Of course somebody will point out that this isn't possible. Not now, anyway. A tribal society with caste divisions would have little difficulty functioning on a gift economy. I do not advocate a solution for our present situation because I see little point in trying to put band-aids on a dying civilization devoid of culture or values other than consumerism. I only hope we survive ourselves and move on to something better.

-Tycho-
 
Even if the rich do build factories and provide jobs, the goal is personal gain. Profit, and not ours.

Respectfully, the thing that has made America great, financially, is the ability of each to pursue his own economic self-interest. Russian communism worked *a little bit*, but only when laws restricting working for personal gain were relaxed, and there was an economic incentive to work.
 
Spectre said:
Respectfully, the thing that has made America great, financially, is the ability of each to pursue his own economic self-interest.

Indeed, the US has financial might.
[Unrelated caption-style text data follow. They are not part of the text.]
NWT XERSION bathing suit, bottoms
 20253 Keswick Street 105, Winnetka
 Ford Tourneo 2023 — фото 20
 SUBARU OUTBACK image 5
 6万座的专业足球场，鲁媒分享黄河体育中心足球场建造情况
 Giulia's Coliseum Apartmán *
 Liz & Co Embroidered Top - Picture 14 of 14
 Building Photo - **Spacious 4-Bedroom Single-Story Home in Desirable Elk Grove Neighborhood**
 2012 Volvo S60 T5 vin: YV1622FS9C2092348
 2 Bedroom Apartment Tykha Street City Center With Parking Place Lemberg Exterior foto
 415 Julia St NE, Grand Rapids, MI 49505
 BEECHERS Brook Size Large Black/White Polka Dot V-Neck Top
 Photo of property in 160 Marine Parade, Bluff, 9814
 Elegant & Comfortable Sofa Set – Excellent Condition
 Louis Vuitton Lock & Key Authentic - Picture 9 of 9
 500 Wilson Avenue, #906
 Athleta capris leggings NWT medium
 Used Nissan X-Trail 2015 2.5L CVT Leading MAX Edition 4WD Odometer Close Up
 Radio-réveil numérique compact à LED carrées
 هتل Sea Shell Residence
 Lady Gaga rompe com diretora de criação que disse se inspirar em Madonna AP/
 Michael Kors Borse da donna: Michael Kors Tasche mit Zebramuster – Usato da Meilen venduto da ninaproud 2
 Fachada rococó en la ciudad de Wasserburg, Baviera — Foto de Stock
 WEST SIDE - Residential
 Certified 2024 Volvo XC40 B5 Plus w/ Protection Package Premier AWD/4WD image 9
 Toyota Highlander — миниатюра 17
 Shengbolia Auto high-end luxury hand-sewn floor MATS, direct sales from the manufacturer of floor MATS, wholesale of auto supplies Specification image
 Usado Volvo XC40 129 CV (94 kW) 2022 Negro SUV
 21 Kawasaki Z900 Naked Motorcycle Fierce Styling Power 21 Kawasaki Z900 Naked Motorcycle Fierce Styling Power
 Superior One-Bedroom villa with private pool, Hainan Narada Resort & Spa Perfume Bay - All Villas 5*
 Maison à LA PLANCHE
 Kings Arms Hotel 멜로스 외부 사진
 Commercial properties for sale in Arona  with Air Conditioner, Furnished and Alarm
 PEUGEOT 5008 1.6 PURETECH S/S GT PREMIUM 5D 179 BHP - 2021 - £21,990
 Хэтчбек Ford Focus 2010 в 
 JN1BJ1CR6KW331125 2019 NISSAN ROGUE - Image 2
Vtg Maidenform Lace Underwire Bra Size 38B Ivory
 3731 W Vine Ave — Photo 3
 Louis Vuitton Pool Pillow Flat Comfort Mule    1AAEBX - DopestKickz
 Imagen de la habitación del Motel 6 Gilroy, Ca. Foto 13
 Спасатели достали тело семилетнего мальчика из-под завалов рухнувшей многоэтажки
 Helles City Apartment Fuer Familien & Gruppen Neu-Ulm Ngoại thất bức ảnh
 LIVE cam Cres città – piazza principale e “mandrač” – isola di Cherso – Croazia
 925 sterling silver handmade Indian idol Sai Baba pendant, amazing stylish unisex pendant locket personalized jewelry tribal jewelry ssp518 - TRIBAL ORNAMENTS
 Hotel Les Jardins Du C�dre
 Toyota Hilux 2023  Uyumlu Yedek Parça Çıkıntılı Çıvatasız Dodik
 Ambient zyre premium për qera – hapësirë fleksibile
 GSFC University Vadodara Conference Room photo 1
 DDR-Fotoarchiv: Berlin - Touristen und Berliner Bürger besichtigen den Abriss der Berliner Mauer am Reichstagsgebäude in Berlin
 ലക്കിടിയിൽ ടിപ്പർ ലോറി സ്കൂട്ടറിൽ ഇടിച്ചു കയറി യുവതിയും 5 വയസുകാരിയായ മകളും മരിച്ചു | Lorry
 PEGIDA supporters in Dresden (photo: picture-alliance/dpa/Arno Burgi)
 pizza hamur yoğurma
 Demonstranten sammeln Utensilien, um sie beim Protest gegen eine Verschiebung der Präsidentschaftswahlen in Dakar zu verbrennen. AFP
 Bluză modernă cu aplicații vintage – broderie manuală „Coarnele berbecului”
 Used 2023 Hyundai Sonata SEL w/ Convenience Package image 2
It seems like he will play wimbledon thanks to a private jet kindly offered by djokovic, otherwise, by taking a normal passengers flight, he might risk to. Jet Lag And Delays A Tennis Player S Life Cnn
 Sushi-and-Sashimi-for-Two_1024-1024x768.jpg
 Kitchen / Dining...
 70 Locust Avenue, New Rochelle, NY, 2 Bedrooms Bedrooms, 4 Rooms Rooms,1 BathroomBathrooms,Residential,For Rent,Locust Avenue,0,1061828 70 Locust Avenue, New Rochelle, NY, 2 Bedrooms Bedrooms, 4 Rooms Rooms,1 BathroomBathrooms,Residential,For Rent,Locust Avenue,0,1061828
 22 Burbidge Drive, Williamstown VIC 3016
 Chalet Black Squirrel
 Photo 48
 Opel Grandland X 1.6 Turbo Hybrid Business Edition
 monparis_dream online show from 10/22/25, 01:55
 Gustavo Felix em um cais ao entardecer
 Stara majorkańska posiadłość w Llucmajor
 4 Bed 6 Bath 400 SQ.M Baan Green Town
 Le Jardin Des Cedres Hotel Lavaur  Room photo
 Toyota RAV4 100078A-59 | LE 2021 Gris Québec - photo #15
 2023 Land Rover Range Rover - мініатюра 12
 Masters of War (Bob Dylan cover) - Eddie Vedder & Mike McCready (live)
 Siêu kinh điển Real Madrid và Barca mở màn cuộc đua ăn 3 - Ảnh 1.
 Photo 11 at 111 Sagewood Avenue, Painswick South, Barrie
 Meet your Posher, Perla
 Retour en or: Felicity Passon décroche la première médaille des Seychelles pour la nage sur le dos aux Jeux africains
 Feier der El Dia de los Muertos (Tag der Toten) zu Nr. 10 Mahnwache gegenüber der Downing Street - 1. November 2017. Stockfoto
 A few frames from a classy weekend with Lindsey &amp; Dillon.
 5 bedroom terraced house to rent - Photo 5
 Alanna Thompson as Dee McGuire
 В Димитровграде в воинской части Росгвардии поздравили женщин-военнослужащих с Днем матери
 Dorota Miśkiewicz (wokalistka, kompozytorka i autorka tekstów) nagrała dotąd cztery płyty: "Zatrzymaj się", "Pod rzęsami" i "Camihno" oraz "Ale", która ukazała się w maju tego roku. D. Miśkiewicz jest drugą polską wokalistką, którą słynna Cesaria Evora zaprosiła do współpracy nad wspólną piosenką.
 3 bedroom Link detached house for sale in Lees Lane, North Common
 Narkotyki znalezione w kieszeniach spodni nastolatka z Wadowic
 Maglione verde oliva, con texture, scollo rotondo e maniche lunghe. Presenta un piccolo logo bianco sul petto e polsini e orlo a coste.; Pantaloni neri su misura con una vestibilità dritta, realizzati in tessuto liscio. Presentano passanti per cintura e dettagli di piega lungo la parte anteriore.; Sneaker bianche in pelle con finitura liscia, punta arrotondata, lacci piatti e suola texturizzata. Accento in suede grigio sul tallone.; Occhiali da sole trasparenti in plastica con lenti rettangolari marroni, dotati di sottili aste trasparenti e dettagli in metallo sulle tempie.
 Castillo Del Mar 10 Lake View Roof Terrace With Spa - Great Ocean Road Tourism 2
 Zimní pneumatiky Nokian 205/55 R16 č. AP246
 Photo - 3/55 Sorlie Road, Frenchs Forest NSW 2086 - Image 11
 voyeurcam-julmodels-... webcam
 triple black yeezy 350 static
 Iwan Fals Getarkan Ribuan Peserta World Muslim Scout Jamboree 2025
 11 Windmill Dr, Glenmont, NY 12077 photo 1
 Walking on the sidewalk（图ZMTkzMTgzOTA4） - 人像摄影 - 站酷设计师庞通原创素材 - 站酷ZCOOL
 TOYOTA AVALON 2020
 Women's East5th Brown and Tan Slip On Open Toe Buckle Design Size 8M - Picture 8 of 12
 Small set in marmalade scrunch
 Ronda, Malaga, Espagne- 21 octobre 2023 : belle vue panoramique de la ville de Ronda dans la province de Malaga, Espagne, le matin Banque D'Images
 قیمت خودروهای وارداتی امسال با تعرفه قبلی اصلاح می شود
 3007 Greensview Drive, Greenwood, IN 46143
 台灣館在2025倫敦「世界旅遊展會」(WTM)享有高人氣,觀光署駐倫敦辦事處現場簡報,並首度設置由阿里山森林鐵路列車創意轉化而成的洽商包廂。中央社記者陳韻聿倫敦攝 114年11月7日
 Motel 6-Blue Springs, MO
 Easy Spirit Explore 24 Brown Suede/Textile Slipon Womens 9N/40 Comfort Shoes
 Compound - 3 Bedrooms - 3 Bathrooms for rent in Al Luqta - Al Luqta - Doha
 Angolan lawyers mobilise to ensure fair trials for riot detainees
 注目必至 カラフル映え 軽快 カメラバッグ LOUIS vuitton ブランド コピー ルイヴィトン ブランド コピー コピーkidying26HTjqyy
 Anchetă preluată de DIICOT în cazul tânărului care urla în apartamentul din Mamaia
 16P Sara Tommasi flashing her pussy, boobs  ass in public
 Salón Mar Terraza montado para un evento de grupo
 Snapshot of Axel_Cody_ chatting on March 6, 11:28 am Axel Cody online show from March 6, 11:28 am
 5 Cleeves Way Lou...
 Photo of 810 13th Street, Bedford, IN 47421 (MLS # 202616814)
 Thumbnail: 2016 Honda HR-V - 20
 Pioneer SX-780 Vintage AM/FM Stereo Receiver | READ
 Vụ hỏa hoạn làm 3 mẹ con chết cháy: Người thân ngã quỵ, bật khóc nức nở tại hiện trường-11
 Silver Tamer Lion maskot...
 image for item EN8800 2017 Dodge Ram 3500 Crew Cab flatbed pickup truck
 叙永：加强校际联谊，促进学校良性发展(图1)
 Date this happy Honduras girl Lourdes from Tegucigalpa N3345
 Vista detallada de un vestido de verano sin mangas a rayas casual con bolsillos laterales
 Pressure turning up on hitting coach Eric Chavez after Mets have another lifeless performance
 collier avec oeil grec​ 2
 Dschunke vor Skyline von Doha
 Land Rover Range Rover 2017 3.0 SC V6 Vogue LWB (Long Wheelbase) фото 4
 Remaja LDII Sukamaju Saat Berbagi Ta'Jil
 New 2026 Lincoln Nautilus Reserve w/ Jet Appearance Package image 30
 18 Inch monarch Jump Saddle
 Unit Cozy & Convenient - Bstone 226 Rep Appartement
I will not dispute that many have become wealthy by this system and in turn the nation has shared the benefits of that wealth. However, economic status is a poor indication of greatness. Sure, we're fantastically rich by world standards, but it's come at the cost of culture, heritage, unspoiled wilderness, clean air and water, and ideals higher than self-interest. If you don't care about material wealth, what good is an economy? It serves no purpose in a society that's more interested in philosophy and spirituality than getting their hands on the newest iPod.